Peut-on commencer le second œuvre avant la fin du gros œuvre ?

Non, dans la grande majorité des cas. Les entreprises du second œuvre ne peuvent intervenir qu’une fois le bâtiment hors d’eau et hors d’air — c’est-à-dire toiture posée et menuiseries extérieures installées. Commencer trop tôt expose les matériaux à l’humidité et aux intempéries, ce qui entraîne gonflements, moisissures et reprises coûteuses. Sur de grands chantiers, certains lots peuvent démarrer par zone, mais c’est une décision de conducteur de travaux expérimenté.

Combien de temps dure le second œuvre pour une maison individuelle ?

Pour une maison de 100 à 150 m², le second œuvre s’étale généralement sur 4 à 8 mois. La durée dépend du nombre de corps de métier à coordonner, du niveau de finition choisi et des délais d’approvisionnement. Un carrelage de grande taille ou un parquet massif à acclimatation longue peuvent à eux seuls décaler le planning de plusieurs semaines.

La pose de fenêtres fait-elle partie du gros œuvre ou du second œuvre ?

Les menuiseries extérieures (fenêtres, portes-fenêtres, porte d’entrée) se situent à la jonction des deux phases. Fonctionnellement, elles font partie de la mise hors d’air — donc rattachées au gros œuvre — mais leur pose est souvent réalisée par un menuisier qui intervient en début de second œuvre. Dans un devis, vérifiez toujours dans quel lot elles apparaissent pour éviter qu’elles tombent dans un vide contractuel.

MaPrimeRénov’ finance-t-elle des travaux de gros œuvre ?

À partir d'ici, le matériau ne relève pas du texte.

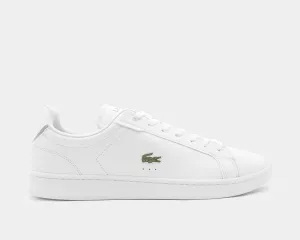 Carnaby Pro BL23 1 SMA Leather Trainers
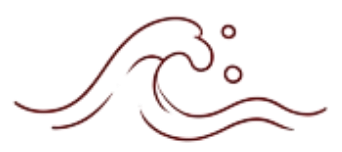 耳鳴り・めまい相談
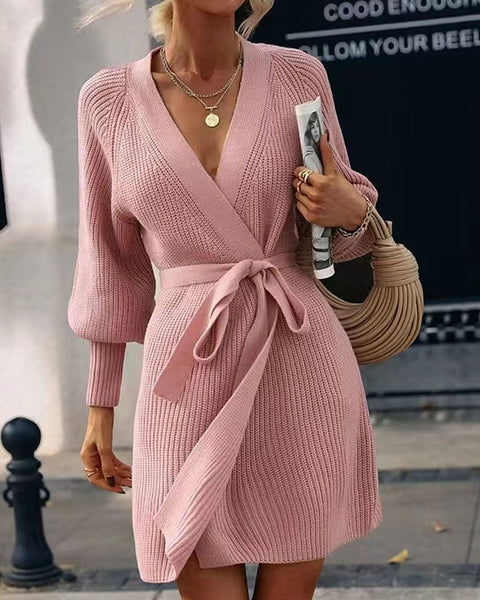 60d26cdc98b746858f48a7af96ffb395-Max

Non. MaPrimeRénov’ cible exclusivement les travaux de rénovation énergétique : isolation thermique, remplacement du système de chauffage, ventilation, fenêtres à double ou triple vitrage. Ces postes relèvent du second œuvre. Les travaux de structure — reprise de fondations, remplacement de charpente structurelle, démolition de murs porteurs — n’entrent pas dans le périmètre de cette aide.